Le constat est universel, il vaut pour tout métier. La gestion autonome du temps est un mécanisme de satisfaction au travail. L’usage de notre temps de travail dépend de la tâche à effectuer. Choisir le bon temps pour chaque tâche permet de bien faire son travail. Plus long ou plus court, il permet d’avoir une prise sur ce que l’on fait. La Dares investigue nos conditions de travail et compare les résultats. À cette occasion, l’une des questions porte sur la fréquence d’une fierté d’un travail bien fait. 40 % des répondants ne ressentent pas cette satisfaction du travail bien fait[9]. Une donnée qui pointe l’urgence de s’atteler à cette question. Penser le temps de travail c’est donner au travailleur toute sa valeur. Perdons donc notre temps à gagner du sens. Alors que l’on aspire à nouer un rapport plus qualitatif à son travail, arrêtons-nous sur cette valeur temps qui le transcende. Repensons la nature du travail et attardons-nous sur le travail bien fait. Autrement, comment le travailleur peut-il faire corps avec cette activité créatrice qu’est le travail si le temps alloué à chaque tâche a été décidé sans lui ? Les travailleurs réclament un temps de travail choisi, la semaine de quatre jours n’en étant qu’un symptôme. Alors, de manière assez contre-intuitive, réduire le temps de travail c’est engager une réflexion sur la durée de la tâche. Cette dimension du temps de l’intime entretenue entre le travailleur et son travail doit être réinvestie.

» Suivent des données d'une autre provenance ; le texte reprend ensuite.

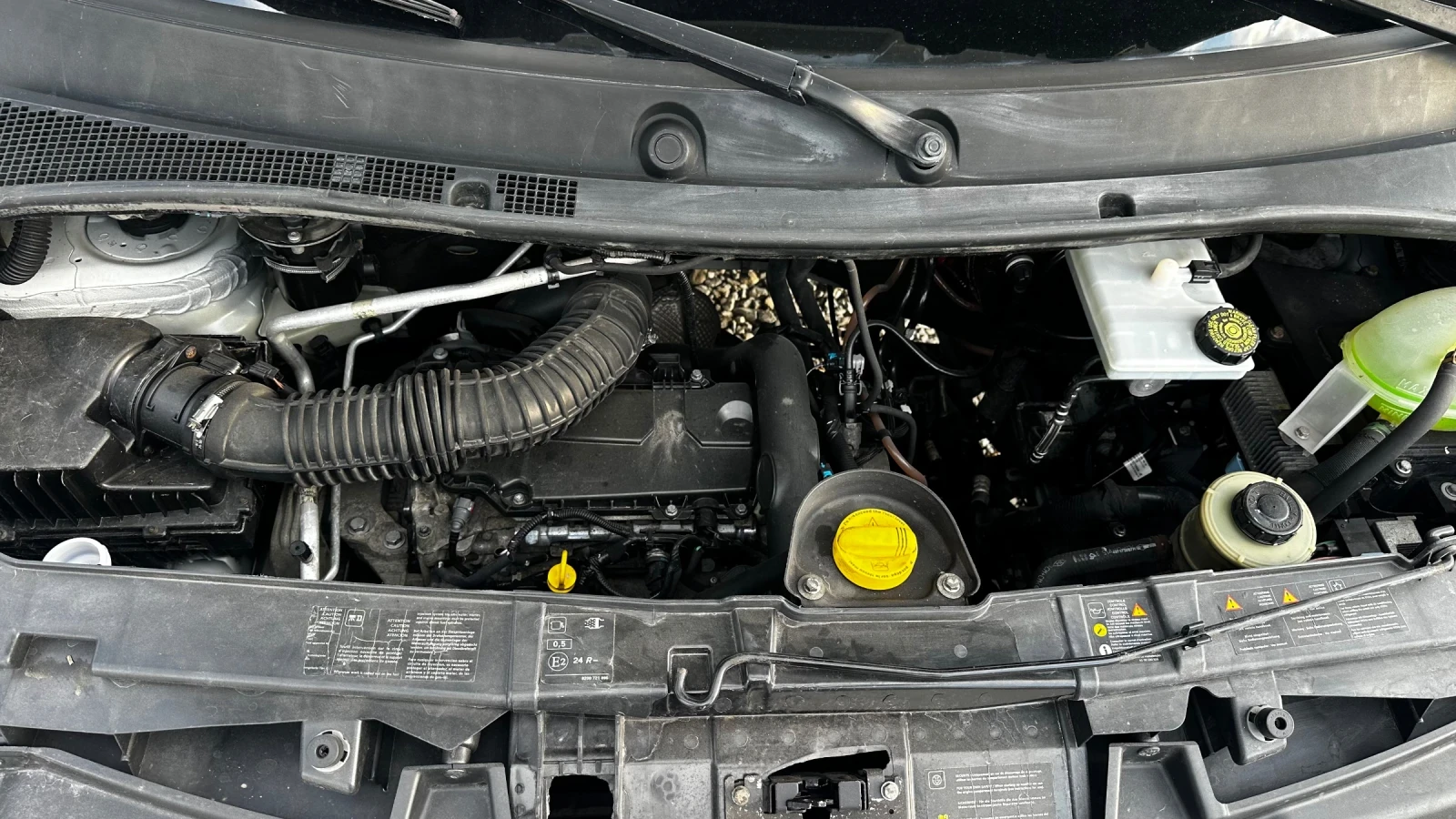 Opel Movano 2.3cdti-���� 5 �����-������ | Mobile.bg � ����������� 17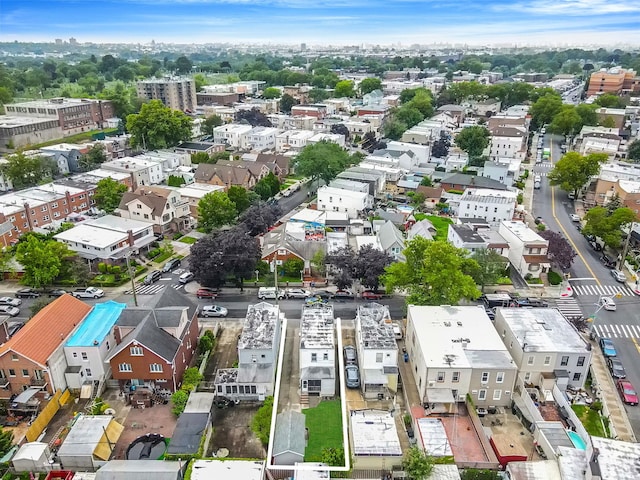 66-13 73rd Pl, Middle Village, NY 11379 - aerial view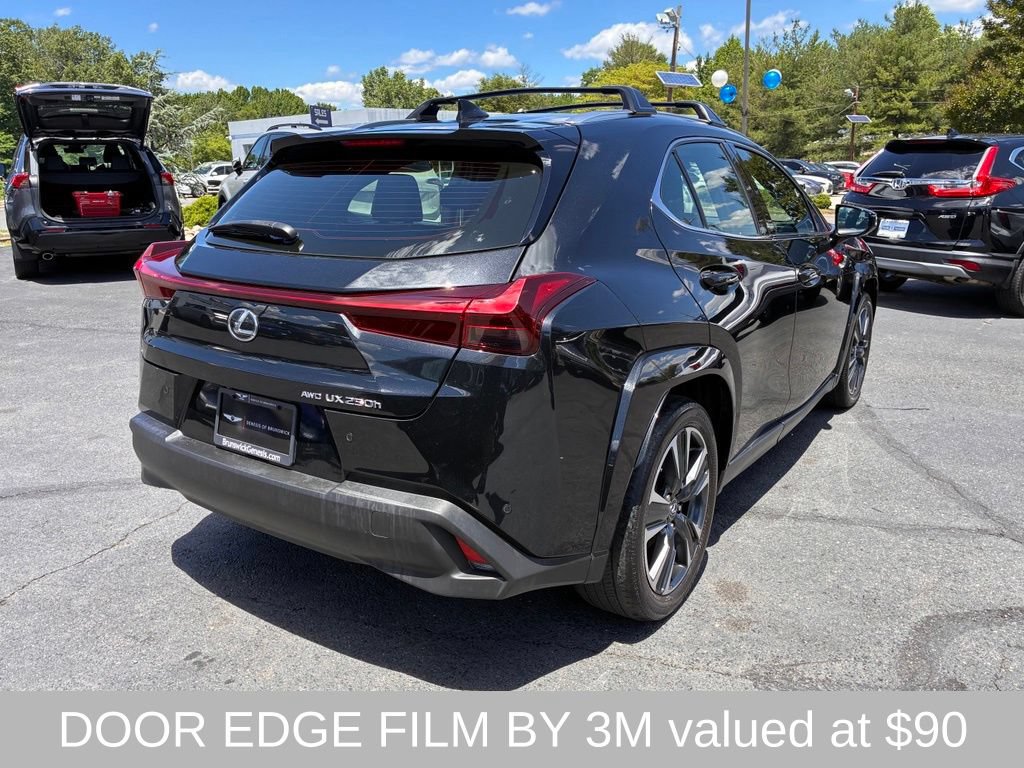 Used 2023 Lexus UX 250h AWD w/ Accessory Package (Z2) image 7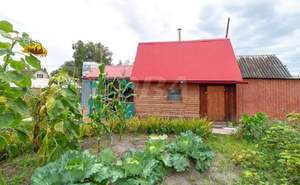 Дом 40м&sup2;, 2-этажный, участок 6 сот.  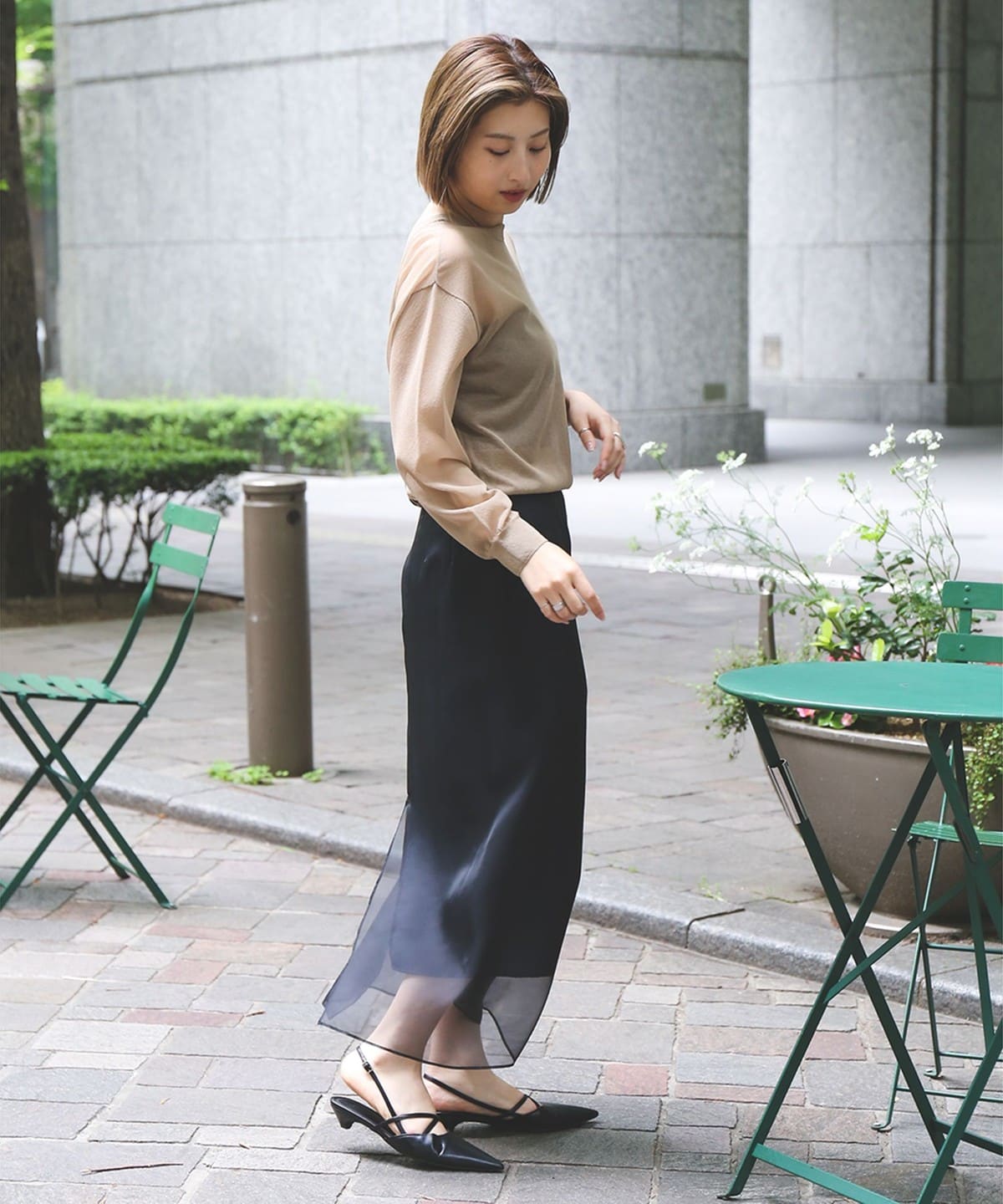 Demi-Luxe BEAMS（デミルクス ビームス）【別注】TICCA
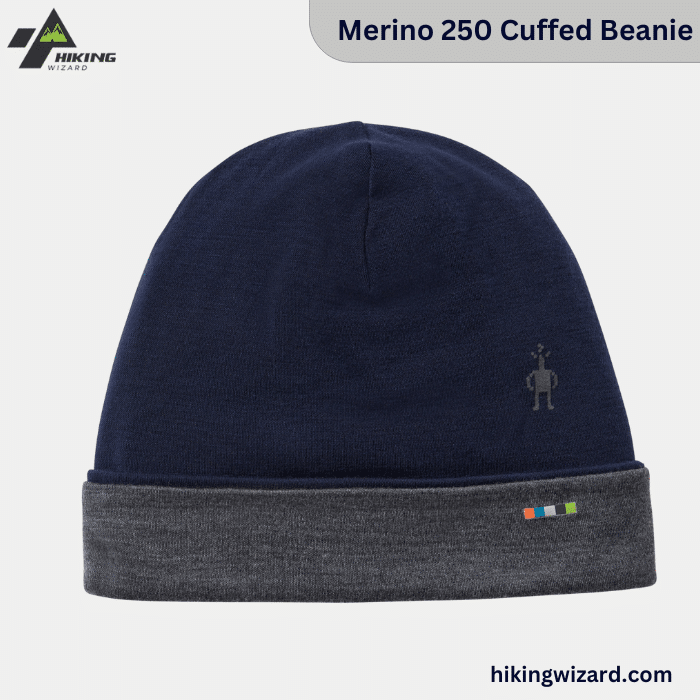 Merino Cuffed Beanie 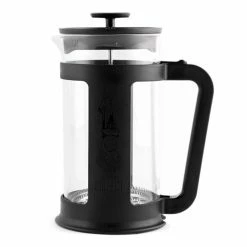 Bialetti Coffee Press Smart 1000ml Schwarz
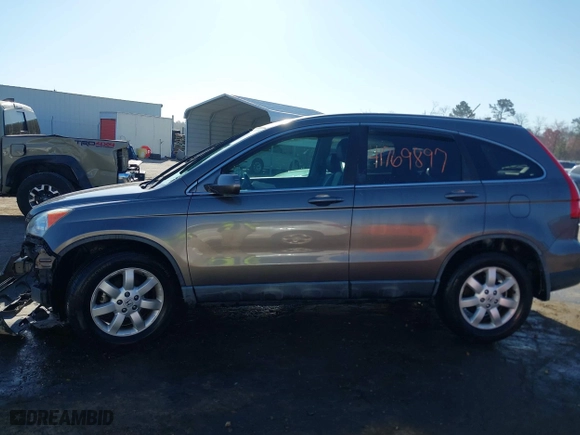 2009 Honda CR-V EX-L with VIN 5J6RE38749L011004, listed as a IAAI auction lot 41769897 with 161,092 mi miles. Bid and sale history available at carsss.com. Image 15.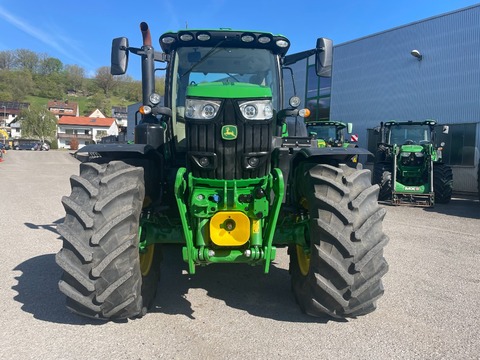 John Deere 6195R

Pour cela, il faut interroger celui qui travaille, occasion pour lui d’en être l’unique juge.

[1]- Lasaire, « Quelle politique de renouveau industriel en France ? De la crise sanitaire à la transition écologique », Les Cahiers, no 59, 2022. [2]- Blanche Segrestin et Armand Hatchuel, Refonder l’entreprise, Seuil, 2012, 128 p. [3]- Lucie Davoine et Dominique Méda, Place et sens du travail en Europe : une singularité française ?, 2008. [4]- Thomas Coutrot et Coralie Perez, « Quand le travail perd son sens », Dares Document d’études, no 249, 2021. [5]- François Dupuy, « Le travail et la vie, les raisons d’un divorce », La Grande Conversation, 2023. [6]- Mikael Beatriz, « Quels facteurs influencent les salariés à faire le même travail jusqu’à la retraite ? », Dares Analyses, no 17, 2023. [7]- Yves Clot, Le travail à cœur, La Découverte, 2010, 192 p. [8]- Jean-Philippe Bouilloud, Pouvoir faire un beau travail. Une revendication professionnelle, Érès, 2023, 168 p. [9]- Béryl Matinet, Élodie Rosankis et Martine Léonard, « Les expositions aux risques professionnels. Les risques psychosociaux », Dares Synthèse Stat, no 36, 2020.